Assignment :: Every line from the one with "nurumassages. Final thoughts" to the one with "Jaimini Cyber &", including those two, is to be copied exactly; all other lines of the entries below are left out.

Short web captions

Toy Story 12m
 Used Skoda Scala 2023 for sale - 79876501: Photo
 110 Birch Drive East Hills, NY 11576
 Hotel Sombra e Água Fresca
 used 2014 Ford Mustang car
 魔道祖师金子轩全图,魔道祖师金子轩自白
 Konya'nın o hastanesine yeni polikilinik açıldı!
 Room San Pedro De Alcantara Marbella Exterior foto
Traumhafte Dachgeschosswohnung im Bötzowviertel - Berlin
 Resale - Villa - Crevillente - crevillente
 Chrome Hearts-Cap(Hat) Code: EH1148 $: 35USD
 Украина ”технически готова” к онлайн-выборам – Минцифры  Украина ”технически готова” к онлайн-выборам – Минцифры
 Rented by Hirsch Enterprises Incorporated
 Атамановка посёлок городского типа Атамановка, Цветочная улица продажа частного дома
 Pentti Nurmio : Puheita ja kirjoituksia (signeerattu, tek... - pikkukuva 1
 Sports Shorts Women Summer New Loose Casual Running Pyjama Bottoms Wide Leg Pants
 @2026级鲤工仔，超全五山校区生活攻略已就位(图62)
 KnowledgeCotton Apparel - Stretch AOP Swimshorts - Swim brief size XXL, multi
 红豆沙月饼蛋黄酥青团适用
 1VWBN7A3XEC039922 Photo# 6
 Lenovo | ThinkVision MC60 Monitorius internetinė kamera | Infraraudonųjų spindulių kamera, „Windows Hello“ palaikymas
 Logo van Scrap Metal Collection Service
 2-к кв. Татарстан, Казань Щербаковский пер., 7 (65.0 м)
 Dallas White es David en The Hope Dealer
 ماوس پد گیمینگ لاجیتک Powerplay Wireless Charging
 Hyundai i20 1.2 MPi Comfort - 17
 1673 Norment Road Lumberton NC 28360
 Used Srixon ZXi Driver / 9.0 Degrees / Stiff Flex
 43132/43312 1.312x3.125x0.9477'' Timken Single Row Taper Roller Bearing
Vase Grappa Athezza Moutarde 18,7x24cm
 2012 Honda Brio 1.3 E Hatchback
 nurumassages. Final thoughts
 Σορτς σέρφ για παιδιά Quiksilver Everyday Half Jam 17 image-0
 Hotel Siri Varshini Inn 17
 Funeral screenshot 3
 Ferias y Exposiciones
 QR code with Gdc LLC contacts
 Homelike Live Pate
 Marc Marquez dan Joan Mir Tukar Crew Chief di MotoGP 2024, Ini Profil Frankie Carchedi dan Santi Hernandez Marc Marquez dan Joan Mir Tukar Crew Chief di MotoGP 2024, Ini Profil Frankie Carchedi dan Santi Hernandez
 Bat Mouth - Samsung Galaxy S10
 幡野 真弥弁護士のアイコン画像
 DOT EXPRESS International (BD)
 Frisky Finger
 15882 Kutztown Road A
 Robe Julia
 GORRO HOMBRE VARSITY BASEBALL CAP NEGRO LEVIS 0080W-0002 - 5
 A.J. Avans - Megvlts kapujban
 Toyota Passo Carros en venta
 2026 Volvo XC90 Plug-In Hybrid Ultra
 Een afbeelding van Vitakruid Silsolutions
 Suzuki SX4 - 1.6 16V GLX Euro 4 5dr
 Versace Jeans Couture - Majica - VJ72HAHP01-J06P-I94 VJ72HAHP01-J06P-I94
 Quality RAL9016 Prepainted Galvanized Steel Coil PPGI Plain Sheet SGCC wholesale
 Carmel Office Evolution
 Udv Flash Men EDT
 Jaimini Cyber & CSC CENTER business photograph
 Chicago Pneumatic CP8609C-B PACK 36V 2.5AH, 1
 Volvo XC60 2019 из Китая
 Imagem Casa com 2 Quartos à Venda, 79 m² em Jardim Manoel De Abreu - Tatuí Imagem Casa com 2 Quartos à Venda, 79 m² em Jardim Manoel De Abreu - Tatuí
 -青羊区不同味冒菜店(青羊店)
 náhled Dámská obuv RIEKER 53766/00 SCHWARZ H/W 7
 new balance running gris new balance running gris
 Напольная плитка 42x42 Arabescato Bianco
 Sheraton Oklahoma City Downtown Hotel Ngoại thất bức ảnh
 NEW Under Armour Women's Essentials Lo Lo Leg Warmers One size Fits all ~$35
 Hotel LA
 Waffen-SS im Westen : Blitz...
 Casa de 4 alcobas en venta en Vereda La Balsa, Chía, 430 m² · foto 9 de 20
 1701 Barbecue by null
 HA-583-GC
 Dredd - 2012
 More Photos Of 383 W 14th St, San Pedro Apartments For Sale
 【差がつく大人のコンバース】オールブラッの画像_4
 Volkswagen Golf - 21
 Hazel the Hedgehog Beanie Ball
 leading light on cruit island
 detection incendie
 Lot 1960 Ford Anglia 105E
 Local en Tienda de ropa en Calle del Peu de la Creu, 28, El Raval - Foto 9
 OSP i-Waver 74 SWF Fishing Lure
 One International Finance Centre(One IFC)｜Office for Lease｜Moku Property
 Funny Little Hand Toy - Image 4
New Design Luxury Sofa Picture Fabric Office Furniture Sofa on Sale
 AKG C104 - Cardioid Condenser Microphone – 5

Solution to this task ::
 nurumassages. Final thoughts
 Σορτς σέρφ για παιδιά Quiksilver Everyday Half Jam 17 image-0
 Hotel Siri Varshini Inn 17
 Funeral screenshot 3
 Ferias y Exposiciones
 QR code with Gdc LLC contacts
 Homelike Live Pate
 Marc Marquez dan Joan Mir Tukar Crew Chief di MotoGP 2024, Ini Profil Frankie Carchedi dan Santi Hernandez Marc Marquez dan Joan Mir Tukar Crew Chief di MotoGP 2024, Ini Profil Frankie Carchedi dan Santi Hernandez
 Bat Mouth - Samsung Galaxy S10
 幡野 真弥弁護士のアイコン画像
 DOT EXPRESS International (BD)
 Frisky Finger
 15882 Kutztown Road A
 Robe Julia
 GORRO HOMBRE VARSITY BASEBALL CAP NEGRO LEVIS 0080W-0002 - 5
 A.J. Avans - Megvlts kapujban
 Toyota Passo Carros en venta
 2026 Volvo XC90 Plug-In Hybrid Ultra
 Een afbeelding van Vitakruid Silsolutions
 Suzuki SX4 - 1.6 16V GLX Euro 4 5dr
 Versace Jeans Couture - Majica - VJ72HAHP01-J06P-I94 VJ72HAHP01-J06P-I94
 Quality RAL9016 Prepainted Galvanized Steel Coil PPGI Plain Sheet SGCC wholesale
 Carmel Office Evolution
 Udv Flash Men EDT
 Jaimini Cyber & CSC CENTER business photograph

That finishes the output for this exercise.